Is India a failed state? Certainly news magazine India Today thinks so. I would humbly disagree. We aren’t a failed state yet. For, if we were, the publication wouldn’t have said so on its cover, and I wouldn’t be writing this article.
If India was a failed state already, we might not have known how badly we were failing. As long as a nation’s own media, civil society, even individual citizens are free to bring the bad news to all, hold the mirror to the most powerful ruler in at least four decades, we are not a failed state yet.
What are we then? I might have a more apt description, a flailing state. Writhing in pain, tossing about in desperation, confused, chaotic, poorly-led, on the verge of a disaster. But still looking for answers.
Flailing state, therefore, is a better characterisation for India today, and it’s such a pity I didn’t invent it.
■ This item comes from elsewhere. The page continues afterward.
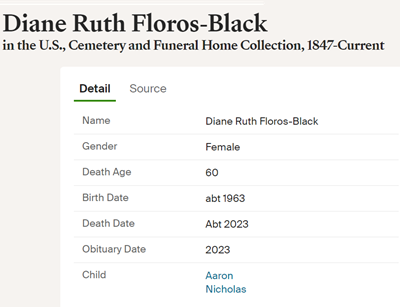 Diane Floros Black obituary info, Class of 1981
It was economist Lant Pritchett, currently Research Director at Blavatnik School of Government, University of Oxford, in his much-quoted 2009 paper at Harvard’s Kennedy School, provocatively titled, ‘Is India a Flailing State: Detours on the four lane highway to modernisation’.
Important point is, he said this of India in 2009, when the UPA was in its prime and the growth still red hot on top of a breathless decade. What hadn’t caught up was the state capacity to improve governance, the quality of life of the vast majority of our people, and the ability to leverage growth into wider prosperity and social security.
Between 2009 and 2014, under a confused UPA-2, the quality of governance slid steeply. The government was paralysed with contradictions and indecision. As the state flailed even harder, Narendra Modi rose to seize the moment and promised to change it. Minimum government, maximum governance. People believed him.
Enough of an uncertain, dithering state, he promised in his new India. Through seven years of economic stall, his voters kept their faith in him. Until this virus came back and exposed the reality. That after seven years under Modi, India is an unprecedentedly dysfunctional, worse flailing state.
The ‘state’, top leadership, its institutions, including the bureaucracy and scientific establishment, are all either missing in action, or scurrying about to cover up, somehow airbrush the image, not alter reality.
Every leader has their key brand propositions. Modi’s, besides Hindutva and hard nationalism, included administrative ability, execution and efficient delivery of welfare. We’ve seen some of that in the past seven years, especially with distribution of welfare benefits to the poorest and the building of hard infrastructure. But, the foundations of basic governance were not strengthened.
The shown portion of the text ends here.